Pero hoy, mientras el fútbol español se da un baño de admiración global, ¿por qué no hacer un esfuerzo por buscar otras razones para contemplar la vida con un cierto buen humor, incluso optimismo? Dentro y fuera de España hay muchos que parecen deleitarse ante la aparente constatación de que, dejando a un lado el fútbol, este país es un desastre. Pues que se sigan deleitando, ya que motivos les sobran.
Pero, ¿por qué no proponer argumentos que contradigan, o al menos diluyan un poco, los previsibles y cansinos pronósticos catastrofistas? Empezando por el hecho de que mientras un creciente porcentaje de alemanes, británicos y holandeses aparentemente claman por librarse de las cadenas de la Eurozona, hoy son más que hace un año los que se toman vacaciones en España.

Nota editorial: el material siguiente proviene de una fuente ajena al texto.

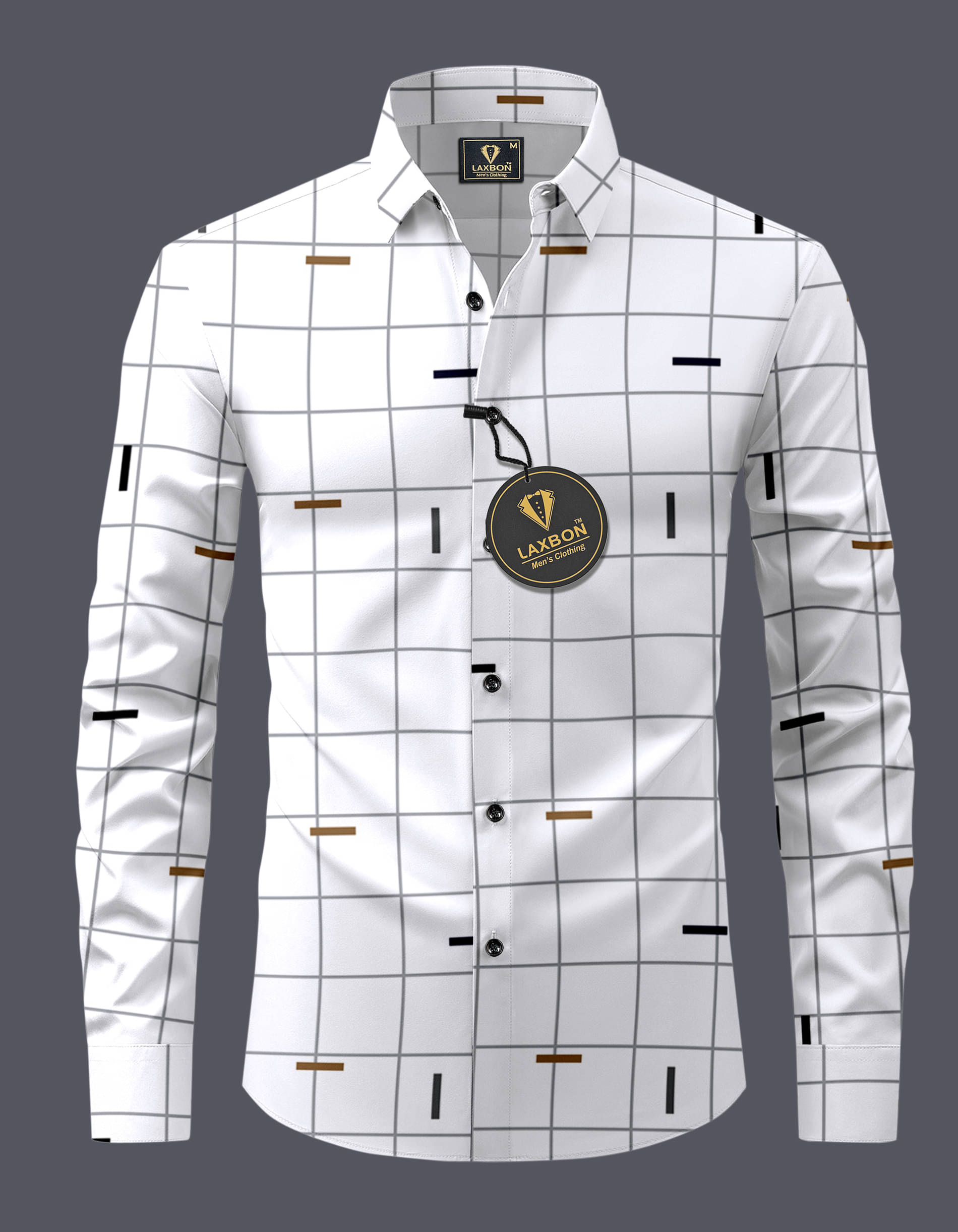 LAXBON 100% Cotton Regular Fit Checks Full Sleeves Men's Casual Shirt - White ( Pack of 1 ) LAXBON 100% Cotton Regular Fit Checks Full Sleeves Men's Casual Shirt - White ( Pack of 1 )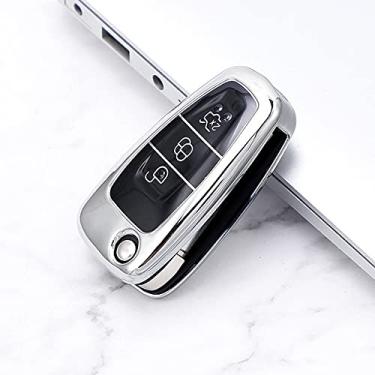 Imagem de YJADHU Capa de chave dobrável de carro TPU macio suporte de capa completa, apto para Ford Focus 2 3 MK3 ST RS Ecosport Kuga Escape Fiesta Fold C-Max S-Max Mondeo, prata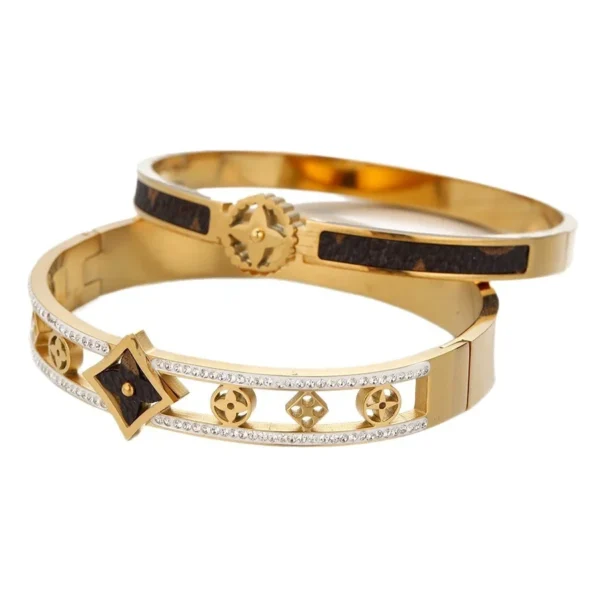 Black Inlay & Crystals Bangle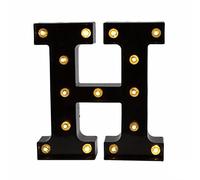 anso Lettres lumineuses LED noires 26 lettres anglaises pour la maison, la fête d'anniversaire (H)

La industria de la construcción padece rigor mortis —aunque no sería un mal momento para que un alemán con ahorros y necesidad de sol invirtiera en un chollo en la costa mediterránea—, pero el otro pilar de la economía española, el turismo, sigue en plan boom. Gracias a los amigos —más amigos, quizá, de lo que parecen— del norte, los turistas han gastado un 4,6% más en España en los primeros cinco meses del año que en el mismo periodo de 2011. En mayo, la cifra llegó a un 7,5% más que el mismo mes del año pasado. Lo cual ayuda a explicar la feliz noticia de este martes de que el paro bajó en 98.853 personas en junio.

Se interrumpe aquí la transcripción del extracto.